(SOURCE DATA)
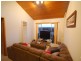 14 Balmoral Street, Portland VIC 3305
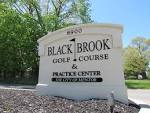 Black Brook Golf Course & Practice Center | Mentor OH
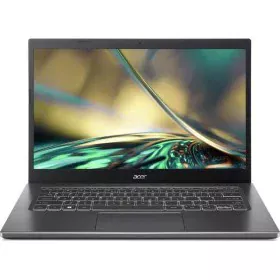 Laptop Acer A514-55-57LH Aspire 5 14" Intel Core i5-1235U 16 GB RAM 512 GB SSD de Acer, Portátiles - Ref: S71010364, Precio: ...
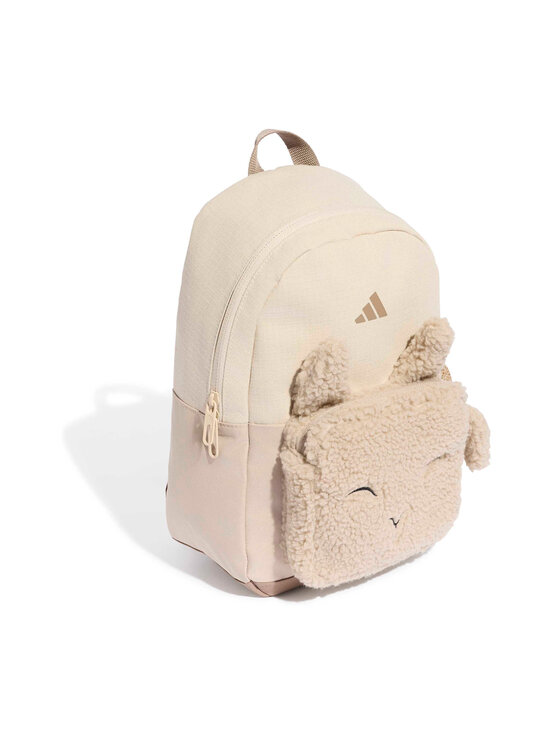 adidas Sportswear - Fleece-reppu - KH2295 CLABRO | Stockmann - photo 3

(ACTION ITEM)
Transcribe the whole listing above exactly and leave out the pictures.

(TASK RESPONSE)
 14 Balmoral Street, Portland VIC 3305
 Black Brook Golf Course & Practice Center | Mentor OH
 Laptop Acer A514-55-57LH Aspire 5 14" Intel Core i5-1235U 16 GB RAM 512 GB SSD de Acer, Portátiles - Ref: S71010364, Precio: ...
 adidas Sportswear - Fleece-reppu - KH2295 CLABRO | Stockmann - photo 3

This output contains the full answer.